Intelligent Trade Finance- The road ahead
- Track and trace for perishable goods. National Bank of Dubai (NBD) executed a blockchain trade transaction that tracked a shipment of fruit from India to the Middle East, monitored by sensor-enabled devices. The bank issued a letter of credit to Santander, while Aramex, a logistics firm, shipped the goods. Smart contracts were executed on the distributed ledger, leveraging sensor data to confirm contractual obligations using IBM’s artificial intelligence platform.
- Commerzbank – everything-as-a-service. Commerzbank’s prototype for a new “pay-per-use” loan for capital equipment taps into IoT to adjust repayment terms based on usage of the machinery on which the loan was used to finance. The bank says the ability of machines to communicate and post production data and capacity constraints over the internet is creating new business lending models, such as pay-per-use, pay-per-part, and equipment-as-a-service. Commerzbank’s big data and analytics division developed the platform in conjunction with networked machine tool manufacturer Emag and car parts supplier KMB Technologies.
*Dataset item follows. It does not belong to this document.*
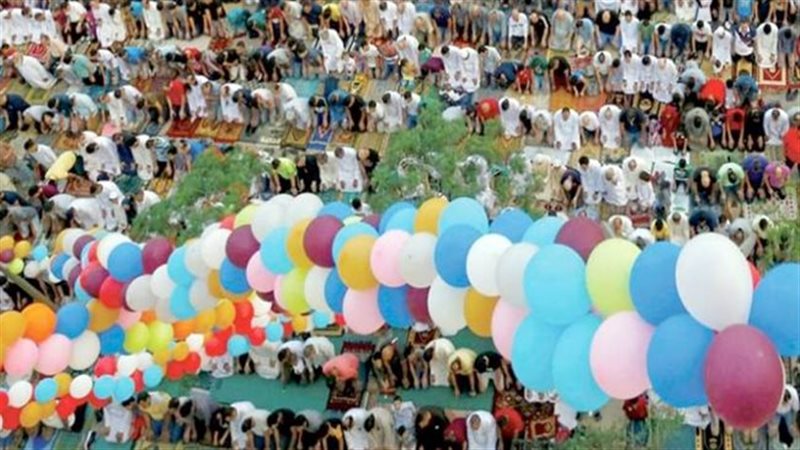ساحات صلاة عيد الفطر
- IoT triggered payments. Skuchain has built a blockchain-based platform, EC3 which comprises Popcodes to track the flow of goods with the help of IoT such as QR Codes, bar codes, sensors and RFID tags. Commonwealth Bank of Australia (CBA), Wells Fargo, and their joint customer, Brighann Cotton, were the first to execute a global trade transaction between banks combining blockchain, smart contracts, and IoT. The transaction involved a shipment of cotton from the US to China which was monitored on Skuchain’s system. The trade included a physical supply chain trigger (from IoT) to confirm the geographic location of goods in transit, before releasing the payment.
As the CBA/Wells Fargo example above shows us, there is an opportunity to combine blockchain, smart contracts, and IoT to trigger supply chain finance solutions and streamline overall supply chain management.
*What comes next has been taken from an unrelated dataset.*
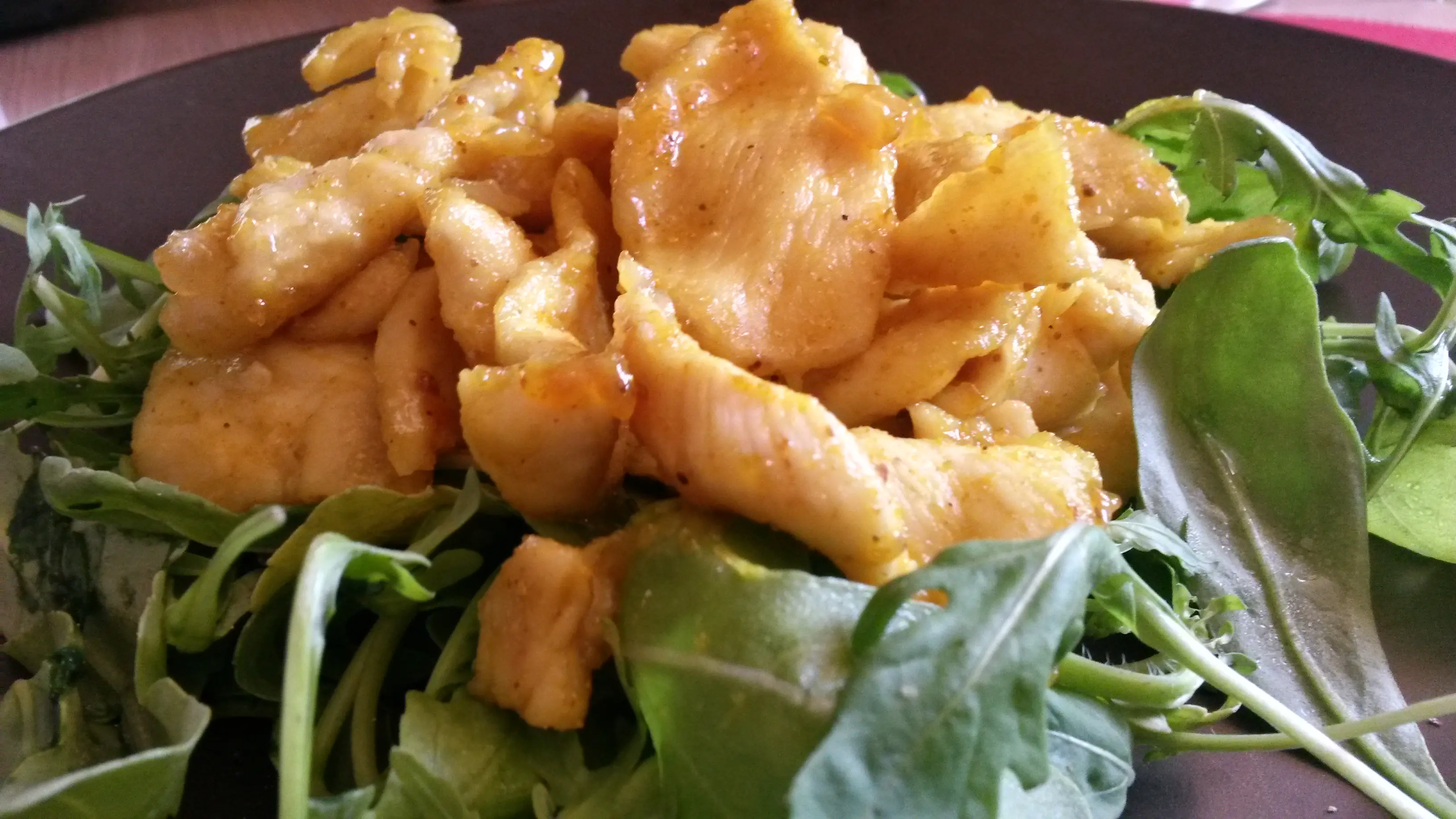 Giallo lampo… Pollo e curry!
Celent’s recent trends report (Top Trends in Corporate Banking 2018-19) supports this: IoT has vast potential for supply chain management. From the supplier to the customer, from components to the finished product, and from the factory to the warehouse, the supply chain is the backbone controlling the flow of processes and data. And the physical and financial supply chains are tightly linked, with the use of letters of credit, pre-shipment finance, invoice factoring, and receivables financing happening along the way.
In the future, trade will increasingly be orchestrated on end-to-end, digitalized and blockchain enabled networks. To reap the rewards and capture the potential of intelligent trade services banks are exploring how an open platform that can integrate with the future networks of digital trade, underpinned by comprehensive back office trade automation can support their transformation.
In a world of intelligent trade services, the smartest banks will win.